Understanding chords (and arpeggios) are indeed a key to understanding (Western) music. When you are improvising, any note you play will be heard in relation to the backing chord (assuming there is a backing chord). The chord tones (arpeggio notes) are the safest go-to notes, you can't go wrong with a note that is part of the chord of the moment.

I like to play a game called Name Any Beatles Tune: Whatever the tune is, you'll find a greater percentage of the melody notes are actually chord tones (of the chord of the moment). You can do this with any non-blues music- including bluegrass and fiddle tunes. So, if the very stuff that makes up melodies is largely chord tones, it's a good idea to know, hear and recognize what they are. 

When you learn the solos of the Great Masters, you'll say "Oh, yeah, there it is!" an awful lot. The best textbook of all is the aural tradition handed down via recordings. If you can hear it and sing it (even woefully badly), you can get at it on your instrument.

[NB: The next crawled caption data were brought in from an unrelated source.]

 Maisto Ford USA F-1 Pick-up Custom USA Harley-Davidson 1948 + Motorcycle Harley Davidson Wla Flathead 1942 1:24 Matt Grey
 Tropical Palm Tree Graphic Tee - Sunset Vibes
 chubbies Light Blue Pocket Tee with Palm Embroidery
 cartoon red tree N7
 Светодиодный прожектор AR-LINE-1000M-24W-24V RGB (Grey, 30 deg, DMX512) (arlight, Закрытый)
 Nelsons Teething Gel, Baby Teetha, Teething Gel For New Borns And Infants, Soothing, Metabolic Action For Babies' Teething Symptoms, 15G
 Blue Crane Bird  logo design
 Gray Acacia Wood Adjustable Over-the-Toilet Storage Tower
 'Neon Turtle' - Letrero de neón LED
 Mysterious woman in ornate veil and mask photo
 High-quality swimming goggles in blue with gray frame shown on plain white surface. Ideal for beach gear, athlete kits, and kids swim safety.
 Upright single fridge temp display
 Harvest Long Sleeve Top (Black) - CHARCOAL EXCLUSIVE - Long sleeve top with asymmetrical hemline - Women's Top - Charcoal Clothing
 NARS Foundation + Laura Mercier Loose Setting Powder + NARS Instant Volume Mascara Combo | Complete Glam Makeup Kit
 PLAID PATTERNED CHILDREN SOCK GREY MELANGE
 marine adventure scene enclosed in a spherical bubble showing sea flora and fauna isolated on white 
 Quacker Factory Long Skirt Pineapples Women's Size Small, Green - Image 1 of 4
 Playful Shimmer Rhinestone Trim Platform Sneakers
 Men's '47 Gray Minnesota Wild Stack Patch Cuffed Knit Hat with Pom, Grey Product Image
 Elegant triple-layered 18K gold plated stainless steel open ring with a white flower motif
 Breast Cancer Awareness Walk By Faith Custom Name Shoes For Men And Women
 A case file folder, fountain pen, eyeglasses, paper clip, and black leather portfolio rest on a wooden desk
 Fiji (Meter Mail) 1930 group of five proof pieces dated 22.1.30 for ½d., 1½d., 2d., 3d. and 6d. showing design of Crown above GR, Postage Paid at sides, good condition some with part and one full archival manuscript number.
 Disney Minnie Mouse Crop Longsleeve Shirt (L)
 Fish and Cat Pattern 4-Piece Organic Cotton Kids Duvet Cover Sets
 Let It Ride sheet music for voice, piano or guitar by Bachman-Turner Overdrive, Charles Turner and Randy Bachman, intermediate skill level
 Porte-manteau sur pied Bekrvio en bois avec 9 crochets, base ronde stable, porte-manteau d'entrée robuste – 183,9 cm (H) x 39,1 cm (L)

Knowing how to analyze a solo harmonically is a really powerful weapon in the improv wars...

----------


## JonZ

Do you think it is worthwhile to go beyond the ability to find/play a given arpeggio, to being able to play it instantly, anywhere on the fretboard, while moving through common chord progressions? Or is just a basic knowledge/facility adequate?

----------


## Chip Booth

I hesitate to follow John's advice in any subject but I thought perhaps I could express my idea of how arpeggios work for me, since different people can explain the same idea in different ways.

When I improvise I use a technique I refer to as the "The Right Note at the Right Time".  Ignoring (for now) the "right time"  part of the phrase, arpeggios are the tool I use to find the Right Note.  As John said, in any given song in many musical traditions the melody notes are, more often than not, one of the notes of the chord (I will refer to them as chord tones).  Someone did a study of this using commonly known songs and found an average of 60-70 % of the time they tend to be chord tones.  More specifically, a chord tone is one of the notes of a chord that is being played RIGHT NOW.  So if a song is the key of G the chords tones over the G chord are G, B, and D, and when the chord in the song changes to a D chord the chord tones are D, F#, and A.  

If the goal is to sound traditional when improvising over a tune then you will want to use a majority of chords tones, in the way the original melody does.  Arpeggios are a tool that allows me to do that.  When soloing over the G chord in my song I focus on those notes from the G major arpeggio.  When the song changes to the D chord I focus on the notes of the D chord.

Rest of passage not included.